Abstract digital connection dots. Technology background. Network connection structure. Plexus effect. 3d

In an international collaboration with the University of Stellenbosch, Gustavus Adolphus College and Envalior, a peak-tracking algorithm was developed by CAST scientist Stef Molenaar to compare multiple datasets in one-dimensional (1D) and two-dimensional (2D) chromatography [1]. In his study, Molenaar investigated two application strategies: i) data processing where all chromatograms are produced in one sequence and processed simultaneously, and ii) method optimization where chromatograms are produced and processed cumulatively. The latter strategy is analogue to practice in within the AutoLC framework that is developed by the Pirok group.

Peak tracking for 2D chromatography
Structure of a comprehensive 2D chromatogram. A) raw data, B) folded data matrix, C) interpolated matrix, D) reconstructed first dimension chromatography, E) reconstructed second dimension chromatogram. Reproduced with permission from [2].
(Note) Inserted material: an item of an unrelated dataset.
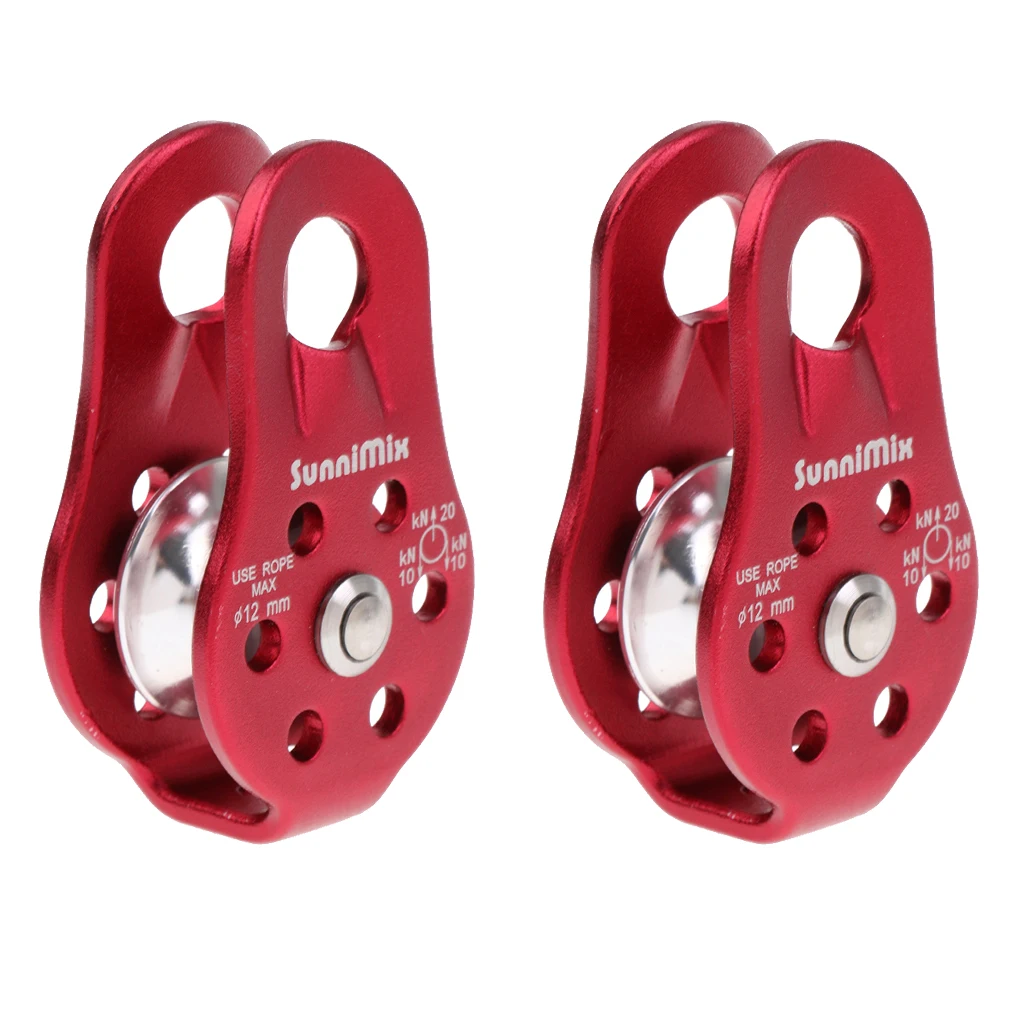 2 Pieces Outdoor 20KN Aluminum Alloy Rock Climbing Pulley Ball Bearings Tree Arborist Rigging Rescue Mountaineering Safety Gear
One of the difficult operations in using comprehensive 2D chromatography concerns the data processing. With the first dimension not having its own detector, the first-dimension chromatogram must be reconstructed using the information obtained from the second-dimension detector (Figure 1A). This process is also referred to as “folding of the chromatogram”. The result is what is shown in Figure 1B.

As a result, the number of datapoints in the first dimension is equal to the number of modulations. There thus exists a scarcity of data to reconstruct the first dimension (Figure 1D), relative to the abundance of datapoints to describe the second dimension (Figure 1E).
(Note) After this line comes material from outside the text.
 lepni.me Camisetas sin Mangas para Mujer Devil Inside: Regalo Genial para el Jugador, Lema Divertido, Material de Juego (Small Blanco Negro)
Linking strategies for peak tracking for 2D chromatography
Different clustering strategies. Chromatogram #3 (red) represents a dataset where something went wrong, and thus connections with chromatogram #3 don't provide information about at least one peak. However, following other connections still creates an intact network (green). A) Batch strategy: Each chromatogram is connected to the next, creating a loop indicated with the black dotted line, and then random cross connections are made within the loop. B) Complete strategy: All chromatograms are connected to all others. C) Cumulative strategy: Every new chromatogram is connected to two randomly selected chromatograms. Reproduced with permission from [1].

In his article, Molenaar tested the first strategy on data from comprehensive 2D liquid chromatography (LC×LC) and comprehensive 2D gas chromatography (GC×GC) separations of academic and industrial samples of varying compound classes (monoclonal-antibody digest, wine volatiles, polymer granulate headspace, and mayonnaise). To accomplish this, he collaborated with scientists Dr. John Mommers (Envalior), Prof. Dwight Stoll (Gustavus Adolphus College), Sithandile Ngxangxa (University of Stellenbosch) and Prof. André de Villiers (University of Stellenbosch).
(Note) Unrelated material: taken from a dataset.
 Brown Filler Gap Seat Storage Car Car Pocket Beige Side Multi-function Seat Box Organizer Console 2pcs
The work is envisaged to be instrumental for successful translation of the AutoLC algorithm [3] to 2D separations. The study was part of the UPSTAIRS project of Pirok and funded by the Dutch Research Council (NWO).

The study was recently published in Journal of Chromatography A and can be accessed freely here.

References

  1. Algorithm for tracking peaks amongst numerous datasets in comprehensive two-dimensional chromatography to enhance data analysis and interpretation, S.R.A. Molenaar, J.H.M. Mommers, D.R. Stoll, S. Ngxangxa, A.J. de Villiers, P.J. Schoenmakers, B.W.J. Pirok, Chromatogr. A, 1705, 2023, 464223: DOI: 10.1016/j.chroma.2023.464223.
  2. Challenges in Obtaining Relevant Information from One- and Two-Dimensional LC Experiments, B.W.J. Pirok & J.A. Westerhuis, LC-GC North America, 6(38), 2020, 8-14, DOI: 10.56530/lcgc.na.jk4782s5.
  3. Chemometric Strategies for Fully Automated Interpretive Method Development in Liquid Chromatography S. Bos, J. Boelrijk, S.R.A. Molenaar, B. van ‘t Veer, L.E. Niezen, D. van Herwerden, S. Samanipour, D.R. Stoll, P. Forré, B. Ensing, G.W. Somsen, B.W.J. Pirok, Anal. Chem. 2022, 94(46), 16060–16068, DOI: 10.1021/acs.analchem.2c03160.